Classic Rant #694 (March 13, 2012): Ticket Snafu



As most of you regular readers know, I am a Yankee fan, have been my whole life, and will be when I leave this earth.

I have rooted for them through thick and thin, during good years and bad, during championship years and years where they fell flat.

But each year, I am becoming more incensed at their ticket policy for the peons, the people who go to the games maybe once or twice a year.

The new Yankee Stadium seats around 54,000 for baseball, and less the higher-priced seats, the team basically sells out each and every game.

That's 81 games where the only seats that can be had are the ones that cost $1,000 or more.

Sorry, not in my league.

But the very last seat in the house, in the very last row, is a season ticket seat, no doubt.

This year, with seats at a premium, the Yankees has instituted a policy where they are running a lottery just to have a chance to buy single-game tickets from them.

That's right. To get tickets to one game, you have to be put into a lottery. If you are one of the "winners" of the lottery, you have the opportunity to buy tickets from them for single games.

Yes, it has gotten ridiculous. Soon, they will be selling seat licenses like football does.

How does a family who wants a day at the ballpark manage to get tickets?

They don't, that's how.

Or they go on one of the ticket broker sites. That is really the only way you can get tickets to a single game at Yankee Stadium, but you will pay for this privilege, paying much more for the ticket in nosebleed land than it is actually worth.

That's what I am probably going to do. My family and I want to go to one game, just one game, and it's doubtful that we are going to win any ticket lottery, so we'll have to go the StubHub route.

I wish some of our politicians would look into this.

Sure, there are bigger problems, but what the Yankees are basically doing is catering to the elite fan, those who can afford season tickets, while shutting out the average Joe who can just afford a single game.

And that is wrong.

We go to Florida each year on vacation. Since we are in Orlando, we usually try to take in a Rays game in St. Petersburg, and we will do so this year.

No problem there. They are lucky if they get 10,000 fans per game, so you have your choice on tickets.

And with the Rays, sometimes if you go through a broker, you can get a better deal on a ticket.

That is what we've done, and we will be sitting right behind the visiting team's dugout for the game we are seeing at Tropicana Field in July.

Look, the Yankees are the Yankees.
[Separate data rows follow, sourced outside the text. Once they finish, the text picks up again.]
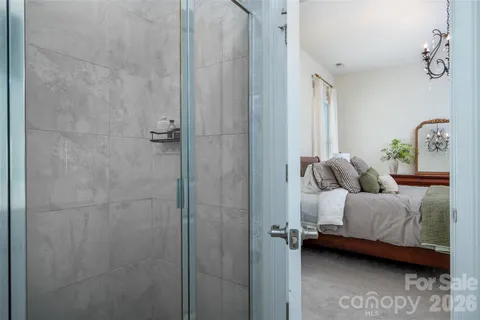 a bedroom with a bed and a table
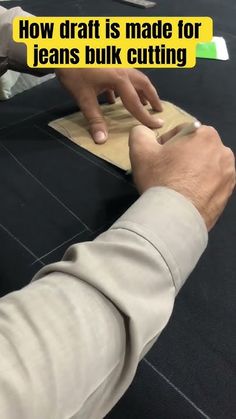 a person cutting paper with scissors on a table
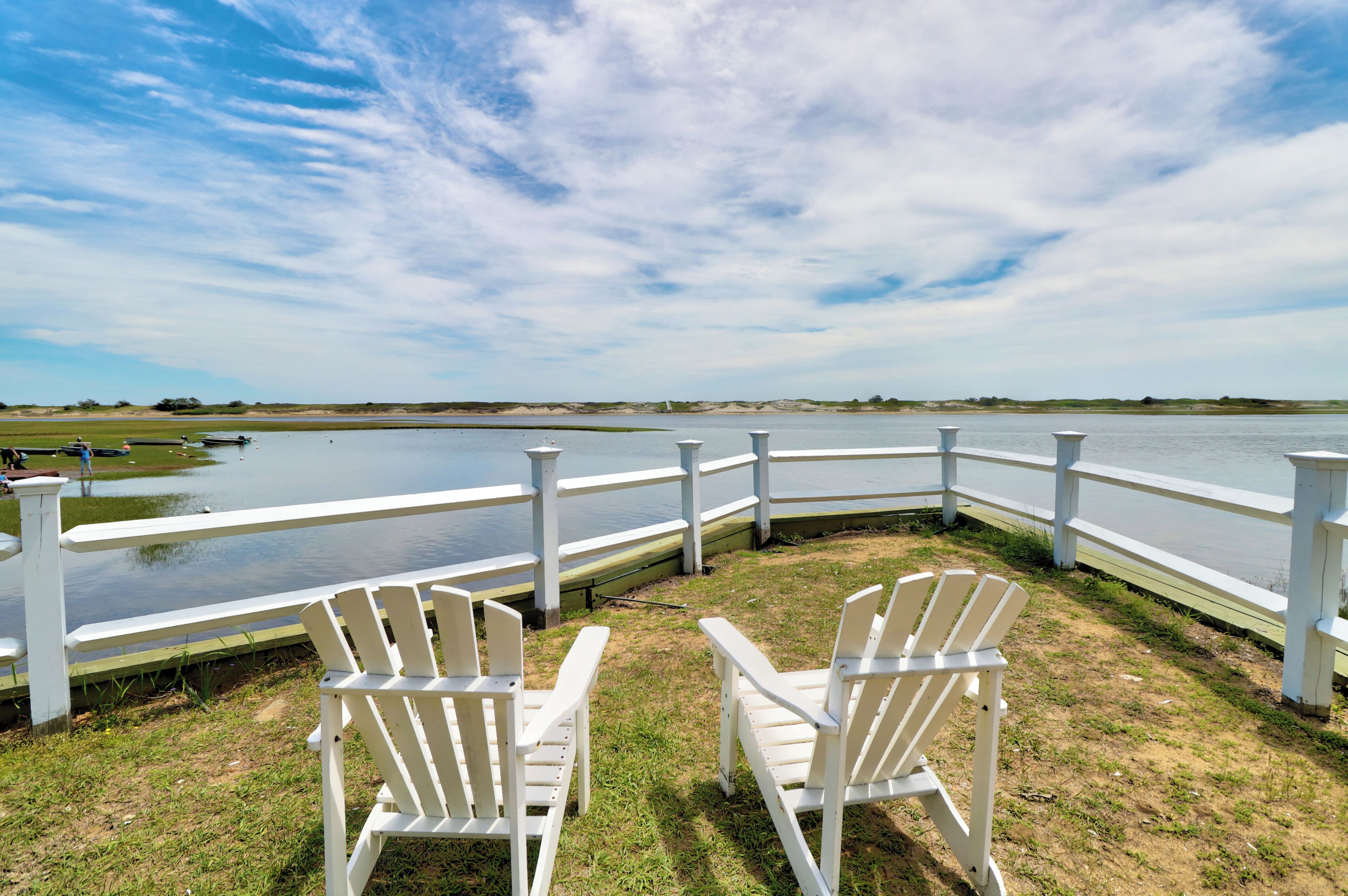 A lakeside view with white Adirondack chairs and a white fence overlooking the water.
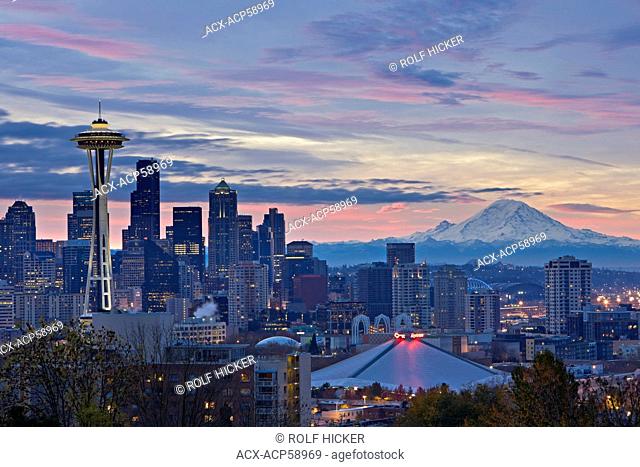Clouds during sunrise above the city of Seattle and the famous Space Needle landmark, Washington State, USA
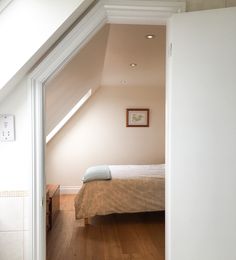 an open door leading to a bedroom with a bed in the corner and wooden floors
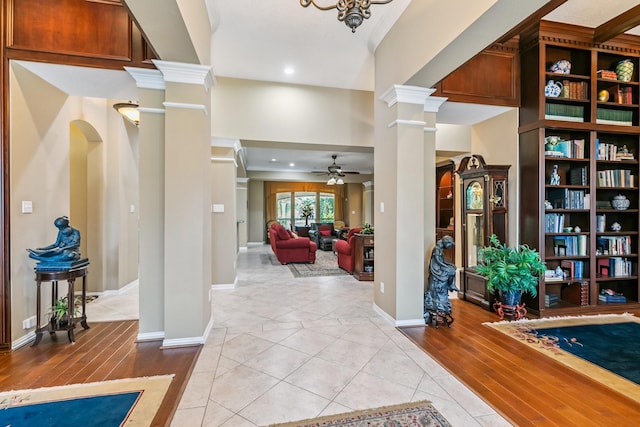 7826 Camden Hollow Ln, Humble, TX 77396 - foyer entrance with ceiling fan, ornate columns, light wood-type flooring, crown molding, and recessed lighting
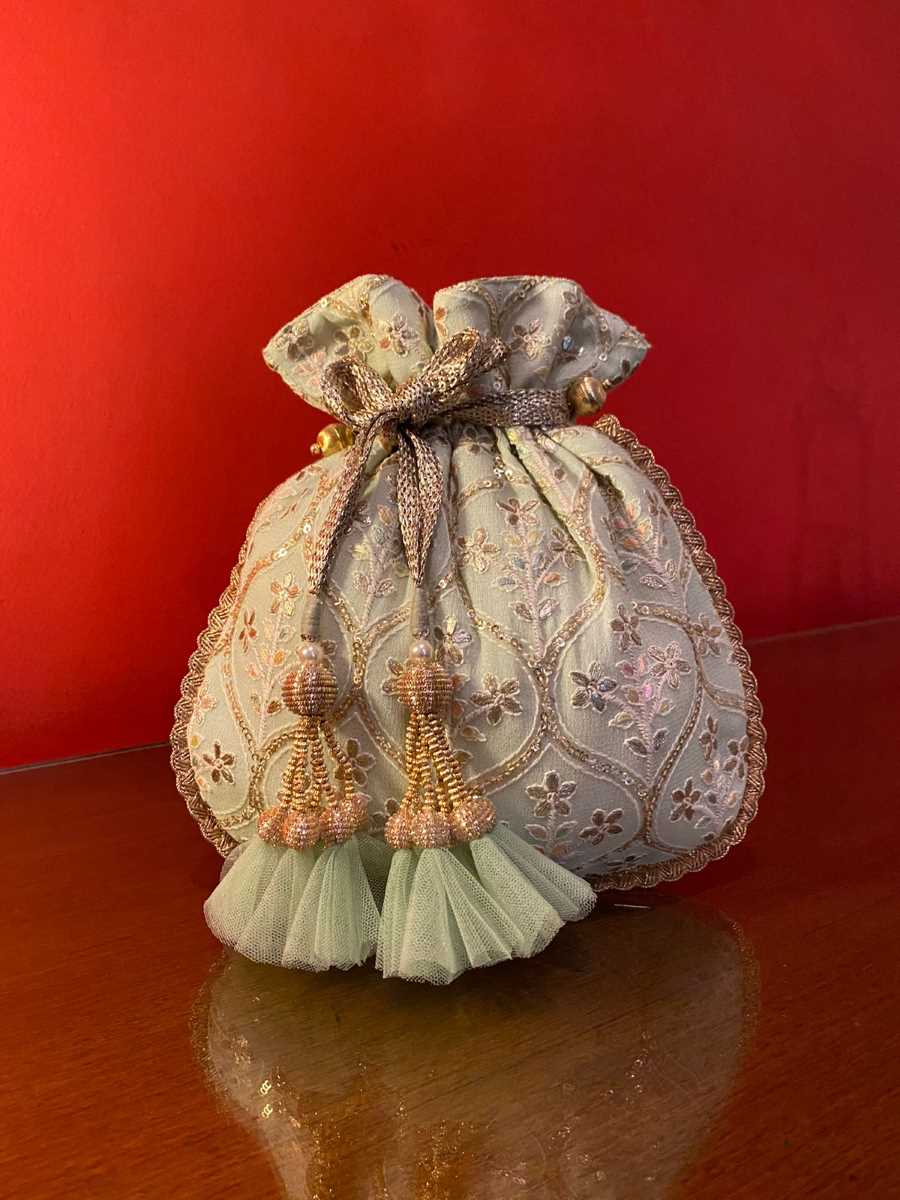 Embroidery on Pista Georgette Potli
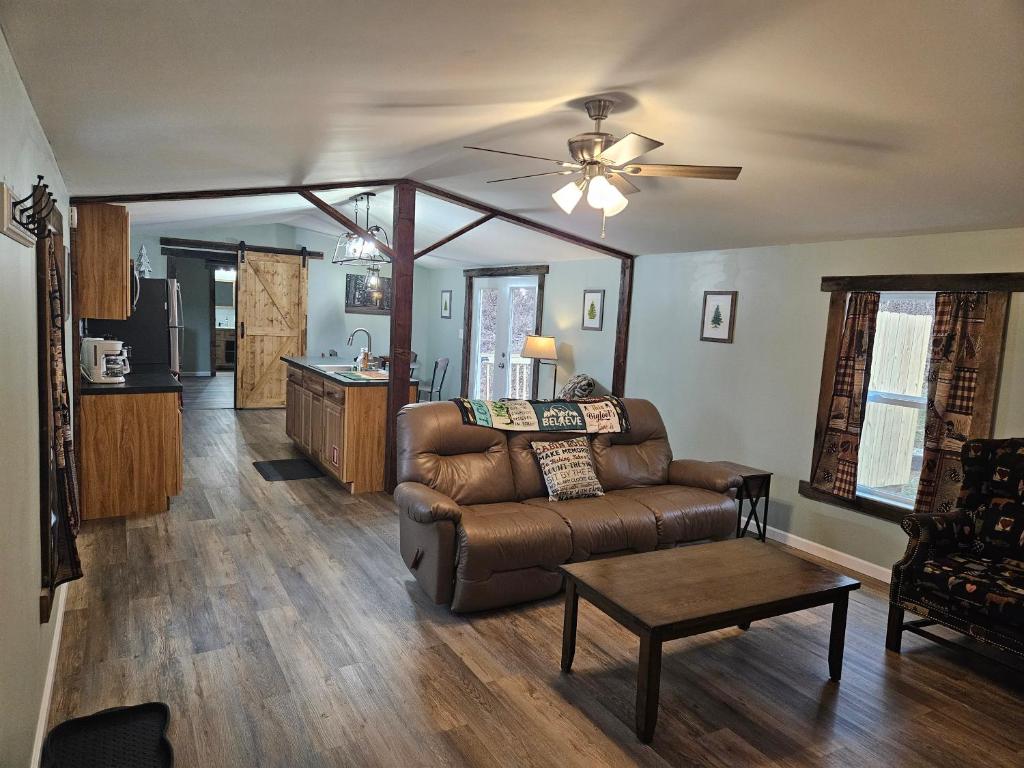 sala de estar con sofá y mesa en Grey Pines at Hocking Vacations, en Logan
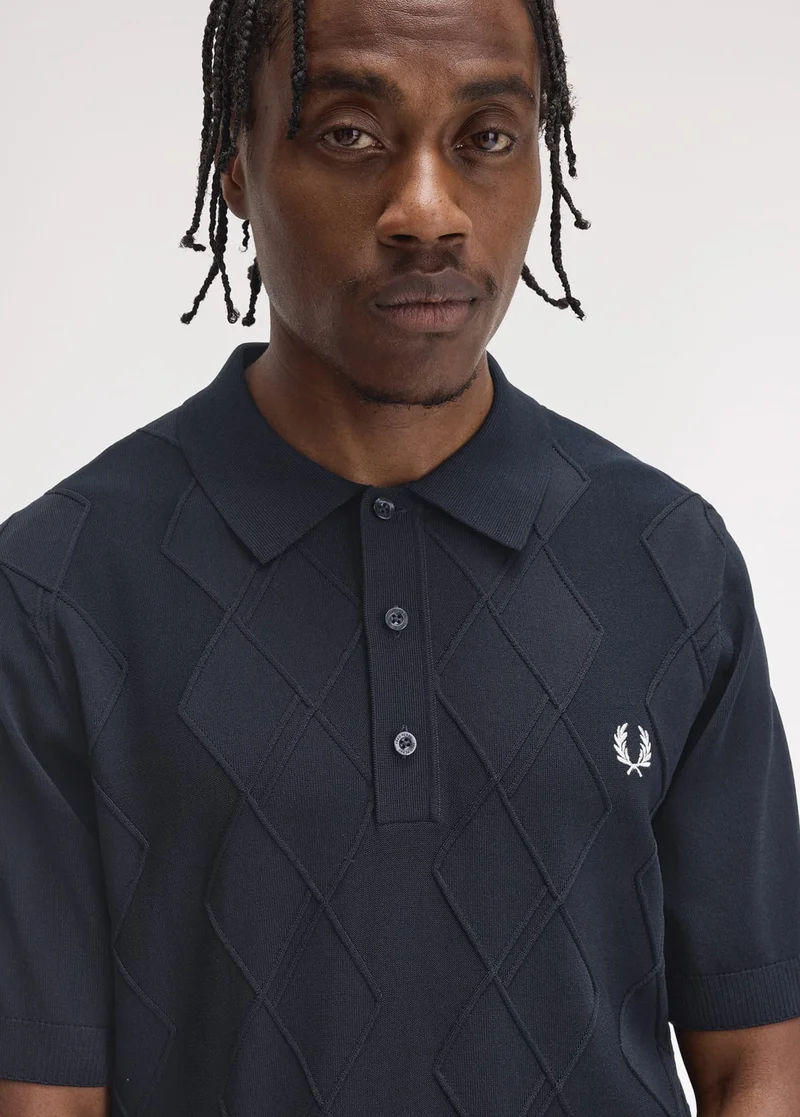 Black model with twists wears textured knitted navy polo with diamond detailing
They are the most successful sports franchise in the world, and they can basically do what they want with their tickets.

But not to offer families some sort of deal to take in a day at the ballpark is ludicrous.

I am sure I will pay an arm and a leg to see them this season, just for the one game, when I go the broker route.

But there's nothing like being out at the ballpark to see a game, so I am going to have to manage.

But it just isn't fair.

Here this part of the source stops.